▸ **What is required**:
The data must be reproduced verbatim; images are to be omitted.

▸ **Data extract**:

☆ ☆ ☆ ☆ ☆

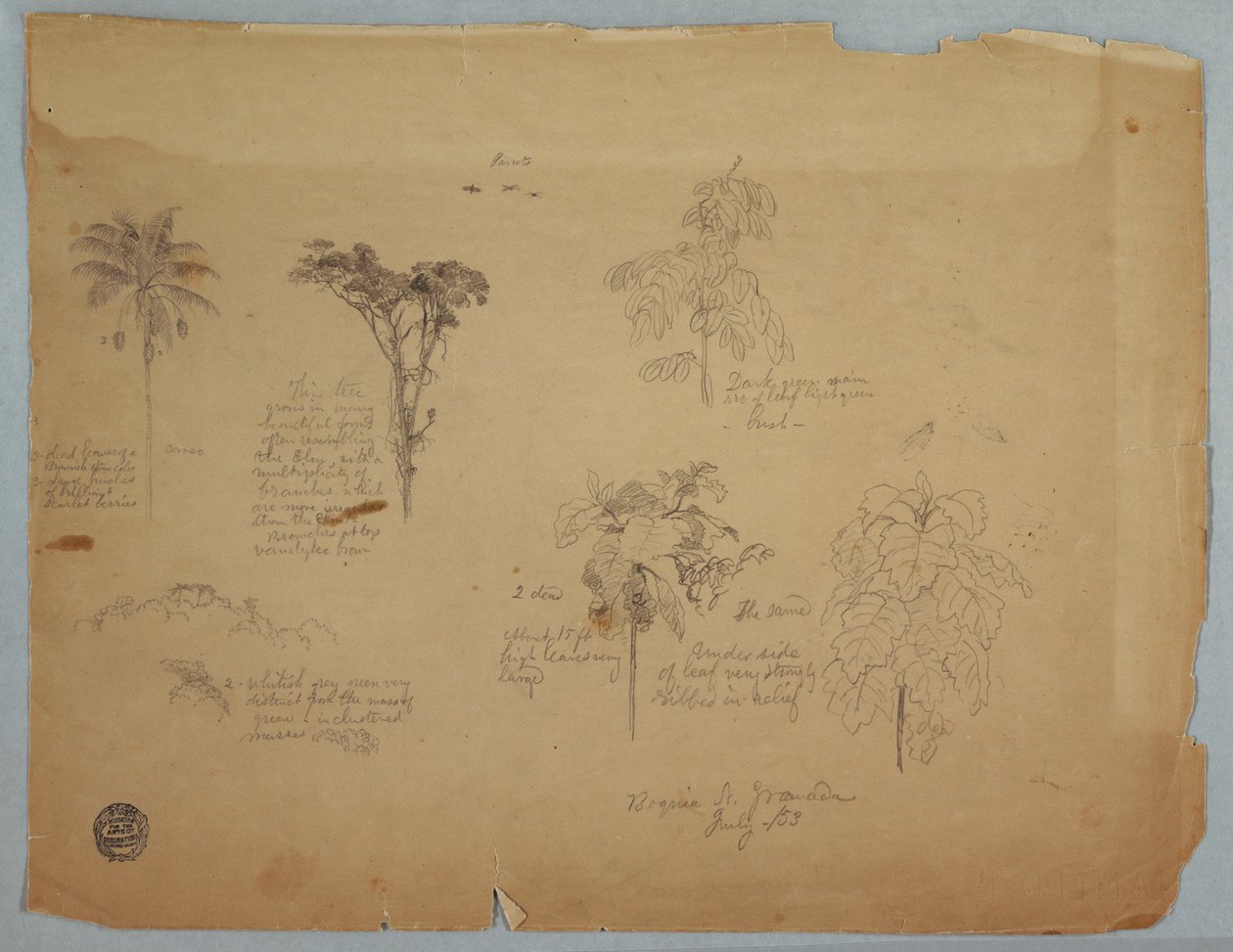 Tegning, Botaniske studier med flyvende papegøjer, Boquia, Colombia, juli 1853 af Frederic Edwin Church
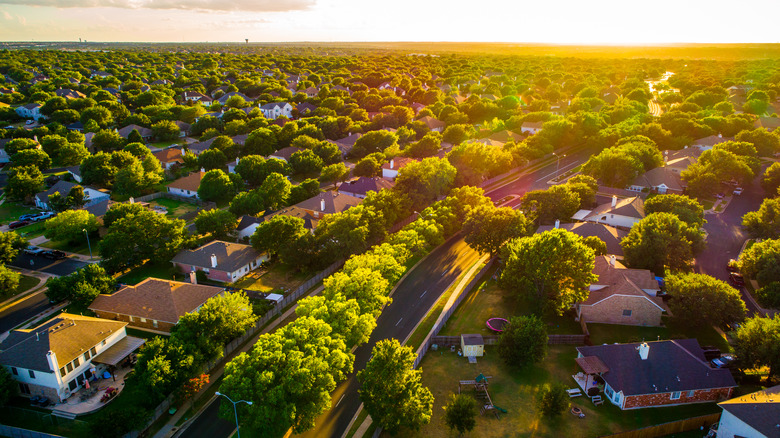 Sunset above modern development homes in Texas.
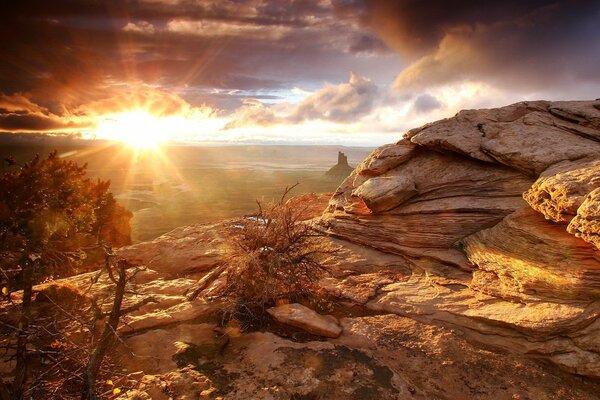 Rocks in the morning in the hot desert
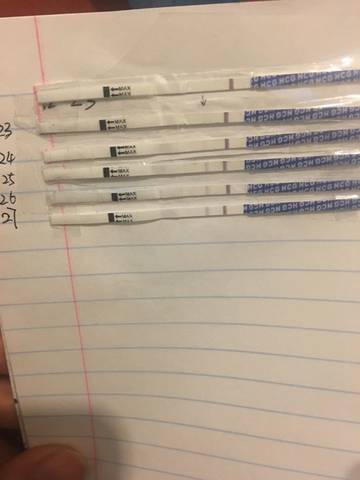 journal_insert_pic_656452405
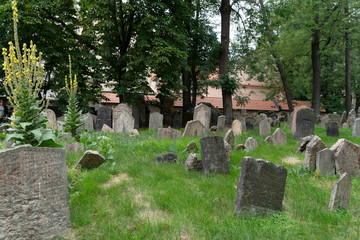 jewish old cemetery in prague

☆ ☆ ☆ ☆ ☆

▸ **Solved exercise**:
 Tegning, Botaniske studier med flyvende papegøjer, Boquia, Colombia, juli 1853 af Frederic Edwin Church
 Sunset above modern development homes in Texas.
 Rocks in the morning in the hot desert
 journal_insert_pic_656452405
 jewish old cemetery in prague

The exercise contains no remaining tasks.